= Alexander Lafayette Chew =

American businessman (1824–1911)

Alexander Lafayette Chew (October 4, 1824 – November 19, 1911) was an American banker.

==Early life==
Chew was born on October 4, 1824, in New Orleans, Louisiana, where his father served as collector of the port of New Orleans. He was one of six children of Beverly Chew (1773–1851) and Maria Theodora ( Duer) Chew (1789–1837). Three of his siblings married into the Kennedy family of Louisiana and his eldest sister, Lucy Ann Chew, married their cousin, U.S. Representative William Duer. During the Marquis de Lafayette's 1824 visit to the United States, his father hosted the French statesman at their New Orleans home. Young Alexander was born shortly thereafter and Lafayette became godfather of the boy, giving the family an "ornate silver teapot inscribed with the infant's name."

His paternal grandparents were Ann ( Fox) Chew and Col.
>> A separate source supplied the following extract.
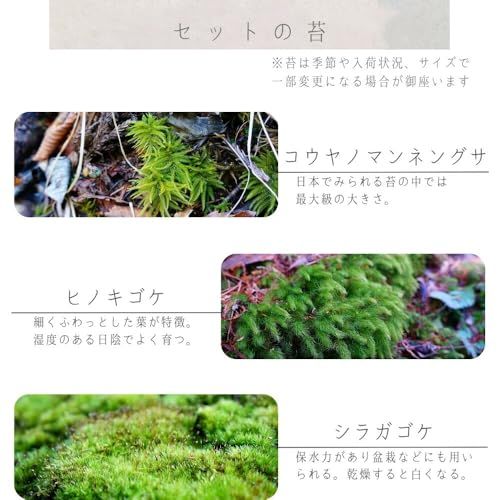 【制作キット】【石畳が作れる】 S:10cm 霧吹き・ピンセット LEDライト付 苔テラリウム プレゼント 作成キット 苔セット 苔 制作 ハンドメイド 自作キット 手作り ギフトas bac544d2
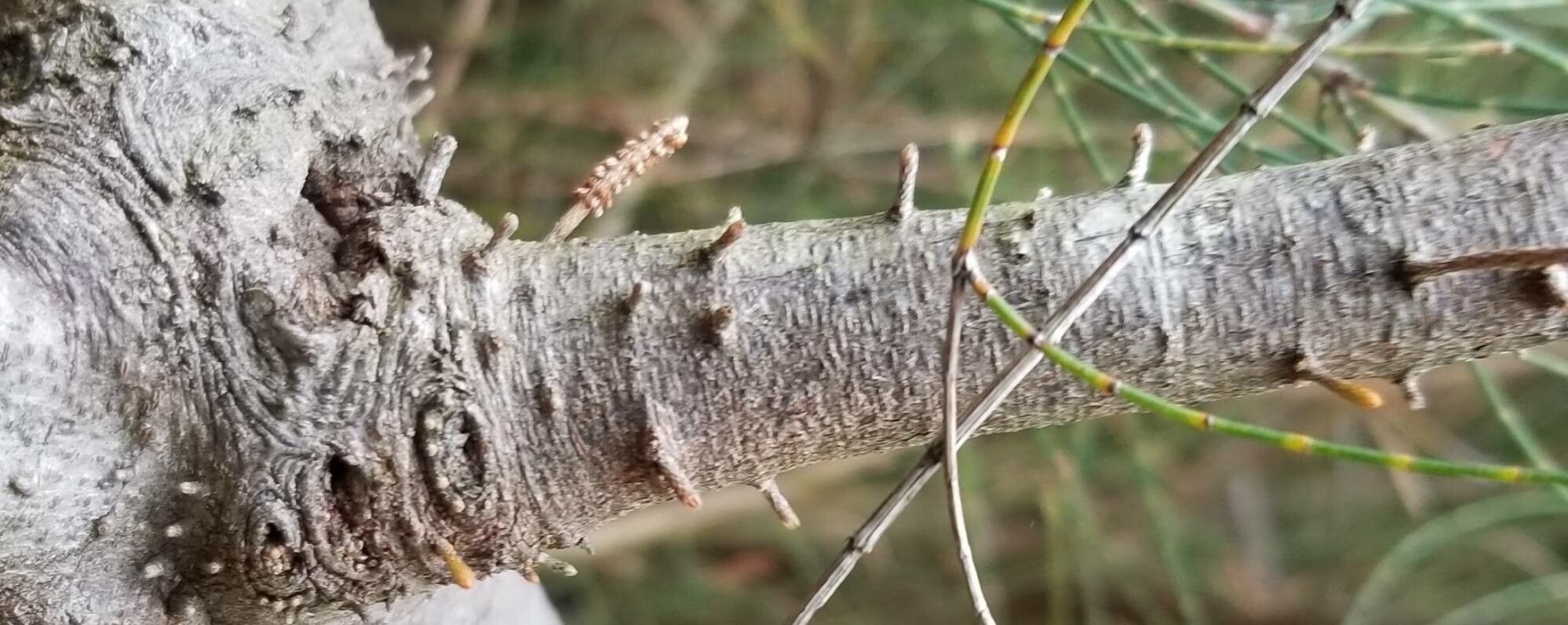 Allocasuarina paludosa bark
John Chew Jr. (1740–1799), who served in the Continental Army. His maternal grandparents were Continental Congress delegate William Duer and Lady Catherine Alexander. (Note: Lady Catherine Alexander (1755–1826), was the second daughter of Sarah (née Livingston) Alexander and Gen. William Alexander, the claimant of the Scottish earldom of Stirling, and a major general in the Continental Army during the American Revolutionary War.) Among his Duer relatives were uncles William Alexander Duer and John Duer, both prominent Judges. His mother was also a cousin to Edward Livingston, the United States Senator from Louisiana.
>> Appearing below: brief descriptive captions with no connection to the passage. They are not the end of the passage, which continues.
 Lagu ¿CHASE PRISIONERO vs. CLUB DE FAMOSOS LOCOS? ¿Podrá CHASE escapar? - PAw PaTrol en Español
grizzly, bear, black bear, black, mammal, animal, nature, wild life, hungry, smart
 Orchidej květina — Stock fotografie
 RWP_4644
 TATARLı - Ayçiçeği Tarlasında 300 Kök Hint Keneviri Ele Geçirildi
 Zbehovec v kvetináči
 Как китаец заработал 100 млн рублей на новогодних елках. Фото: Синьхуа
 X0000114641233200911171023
He attended Hobart College in Geneva, New York, beginning in 1840.

==Career==
In 1863, he was a founder of the First National Bank of Geneva. Three years after it was formed, Chew, his father-in-law Phineas Prouty, Corydon Wheat, his brother-in-law Thomas Hillhouse and Thomas Raines (later New York State Treasurer) bought out the bank and made Chew President. Shortly after he became president, First National built their headquarters on the southeast corner of Seneca and Exchange Streets in Geneva. By 1890, the Bank had assets totaling more than $370,000,000. Chew served as its president until his death in 1911. The bank was reorganized as the Geneva Trust Company in 1919.
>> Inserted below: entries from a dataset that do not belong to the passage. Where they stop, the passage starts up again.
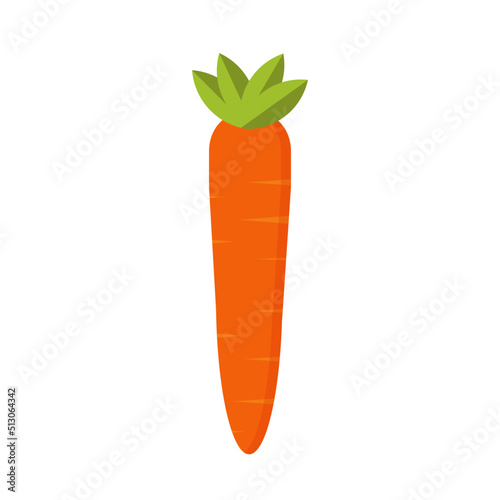 Fresh carrot isolated on white Background. Vegetables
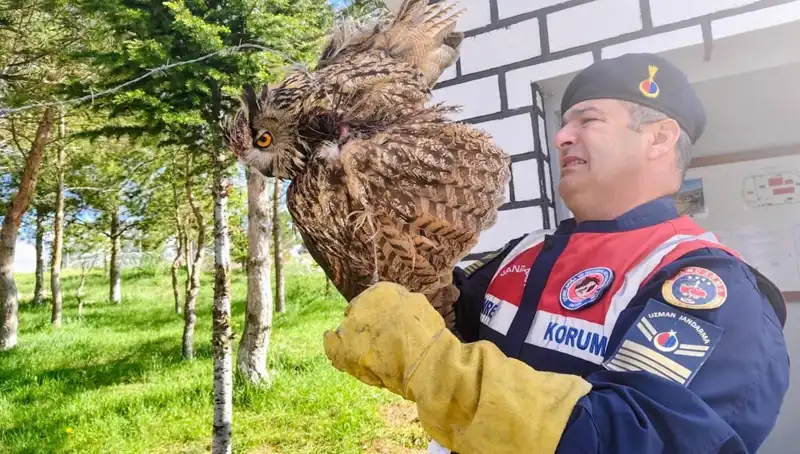 Dikenli Tellere Takılan Puhu Kuşu, Hayvanseverler Tarafından Kurtarıldı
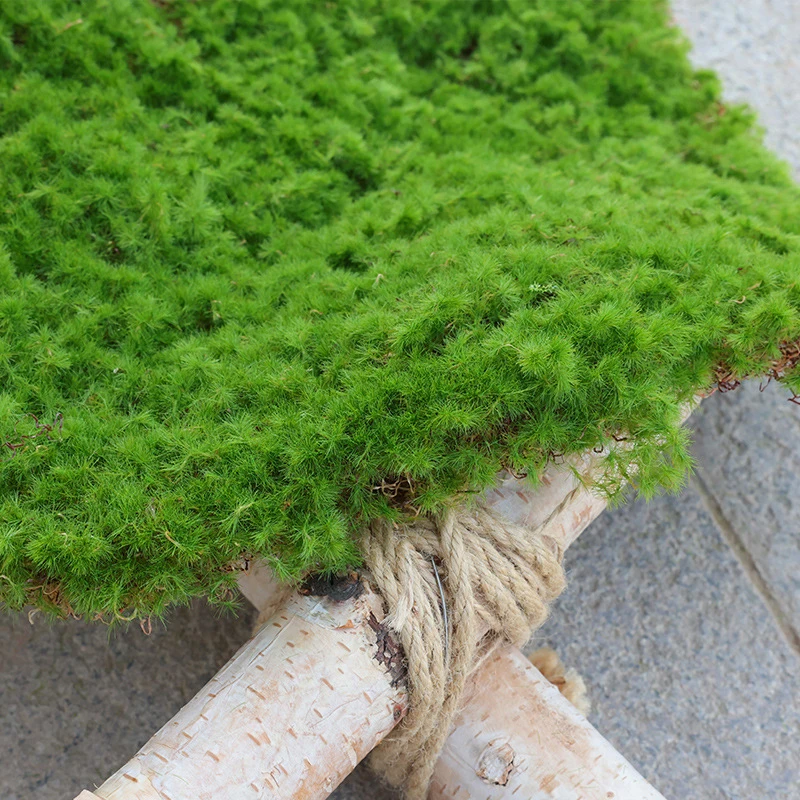 

3/10pcs Artificial Moss Green Fake Plant Micro Landscape Decoration Simulation Moss Grass Turf Lawn for Home Garden Wall Decor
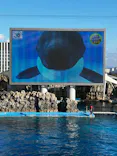 名古屋港水族館に投稿された画像（2023/1/9）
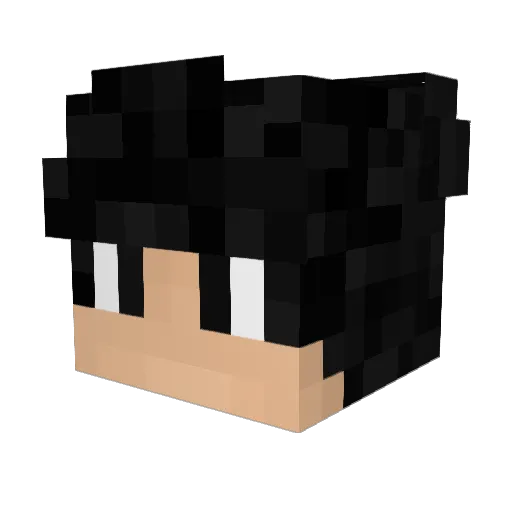 dvm28bp Minecraft avatar head, 3D render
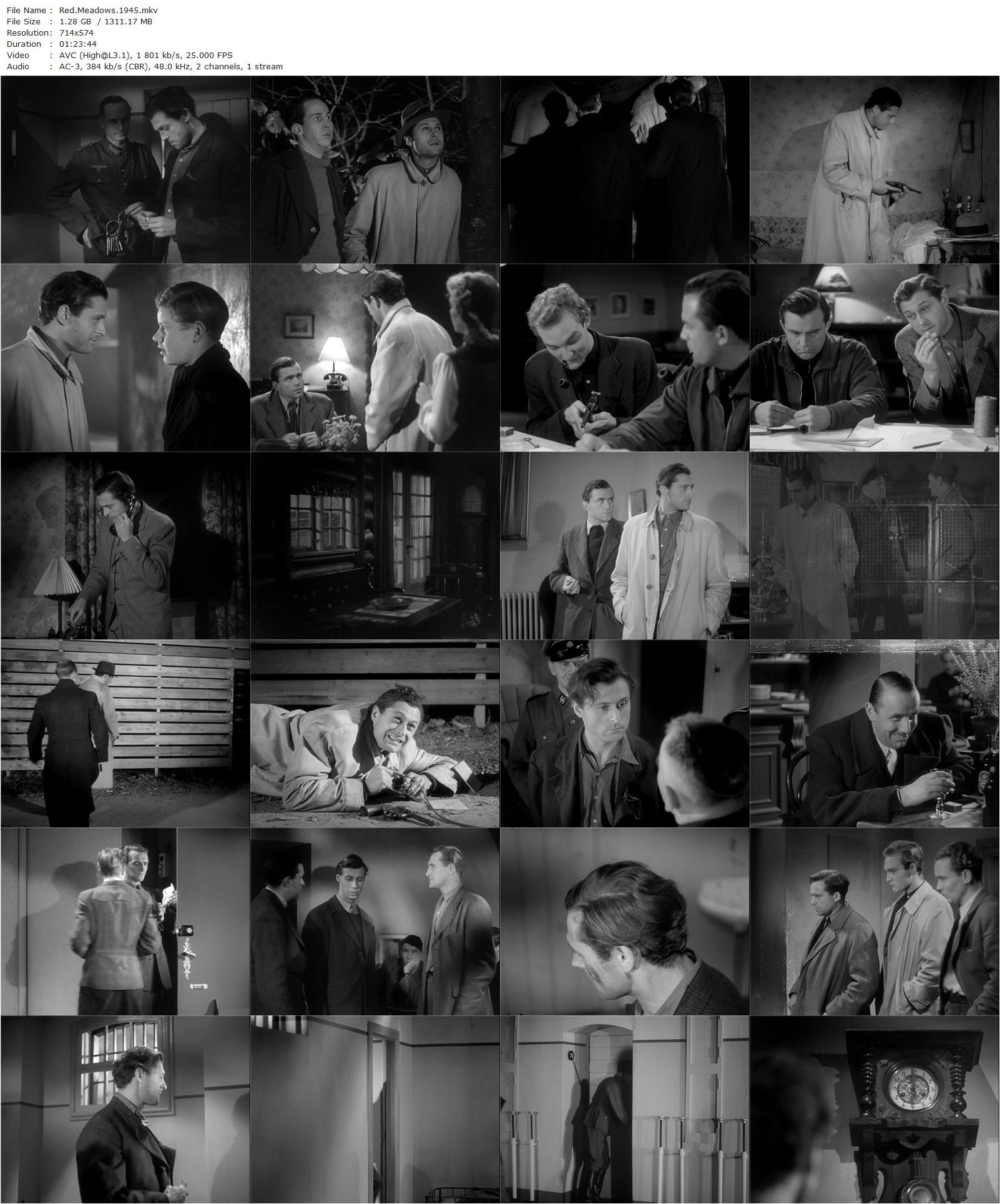 Red Meadows AKA De røde enge (1945) Bodil Ipsen, Lau Lauritzen, Poul Reichhardt, Lisbeth Movin, Per Buckhøj-poster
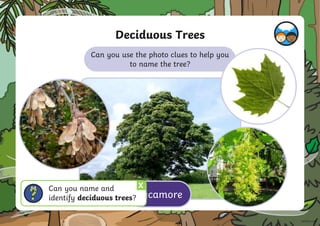 Deciduous Trees
Can you use the photo clues to help you
to name the tree?
sycamore
X
Can you name and
identify deciduous trees?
Chew also served as a trustee of Hobart College for forty-two years and a vestryman and warden of Trinity Church in Geneva.

==Personal life==
On January 10, 1849, Chew was married to Sarah Augusta Prouty (1825–1912), a daughter of merchant Phineas Prouty and Margaret Van Vranken. Sarah's sister, Harriet Prouty, was the wife of New York State Comptroller Thomas Hillhouse and her brother was Phineas Prouty. Together, they were the parents of:

- Beverly Chew II (1850–1924), a banker and well-known book collector who married Clarissa Tainter Pierson, a daughter of the Rev. Job Pierson and granddaughter of U.S. Representative Job Pierson, in 1872.
- Harriet Hillhouse Chew (1851–1919), who married Dr. Ernest Cleveland Coxe, son of Bishop Arthur Cleveland Coxe.
- Phineas Prouty Chew (1854–1935), a printing press manufacturer who married Marguerite Pistor in 1879.
- Thomas Hillhouse Chew (1856–1932), who never married.
- Alexander Duer Chew (1858–1927), cashier of the International Pump Co. who never married.
- Katherine Adelaide Chew (1861–1924), who married Samuel Cooper Winship, a son of Maj. Oscar Fingal Winship.
- Theodora Augusta Chew (1863–1874), who died young.
- Lillian Chew (1868–1931), who married George Wilder, vice president of the Central Bank of Rochester.

Chew died in Geneva on November 19, 1911. His second son Thomas succeeded him as president of the First National Bank of Geneva and served as president until his own death in 1932.

===Descendants===
Through his youngest daughter Lillian, he was a grandfather of composer Alexander Lafayette Chew Wilder (better known as Alec Wilder).